Short Tandem Repeats (STRs) are efficient tools for mapping specific traits or to follow the flow of genetic material in a population. The technology is based on the presence of short tracks of di, tri, tetra or penta nucleotide repeats which are common in the genomes of eukaryotic organisms. Dinucleotide repeats dominate, (CA)n repeats are most frequent, followed by (AT)n, (GA)n, and (GC)n, the last type or repeat being rare. Large majority of simple repeats are embedded in noncoding DNA. These short tracks (5-10 repeating units) are faithfully transmitted through sexual reproduction but are often highly polymorphic within a population.

Genomic DNA is purified, and the short tandem repeat (STR) regions of interest are amplified using the polymerase chain reaction (PCR). The amplification products, generally less than 500bp in size, are analyzed on a denaturing polyacrylamide gel. Allelic ladders containing fragments of the same size as several or all known alleles are run on the gel alongside the amplified samples. Comparison of sample and allelic ladders allows easy interpretation of amplified alleles. After electrophoresis, alleles are detected by silver staining, fluorescent detection or the use of radioactivity.

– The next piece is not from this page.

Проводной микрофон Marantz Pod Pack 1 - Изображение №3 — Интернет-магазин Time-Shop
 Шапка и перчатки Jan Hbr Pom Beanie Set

ii. Given is the STR size of three different loci PEZ01, DCB2010 and UCB2079 from Rover, Spot, Max, and Spot’s mother. It is believed that STRs are sexually transmitted, but within a population, only one loci will be transmitted to the offspring either from maternal or paternal side. Spot has two different sizes of loci PEZ01, 125 and 135, its one of the STR matches with that of Snookums’s STR, but it is not possible to decide the father of Spot with this STR because both Rover and Max had a 135 sized STR.

iii. Spot also exhibited the STRs of loci DCB2010 of 230 size which matches with the same loci of Rover, and UCB2079 of 78, 95 kDa, which matches one of the UCB2079 loci of Rover, 95. Therefore, the data indicates that the Rover is the father of Spot.

iv. Some of the loci may be lost during crossing-over during meiosis i.e., during formation of sperm or ovum. Thus it can be expected the existence of one or no product for the same loci in an individual.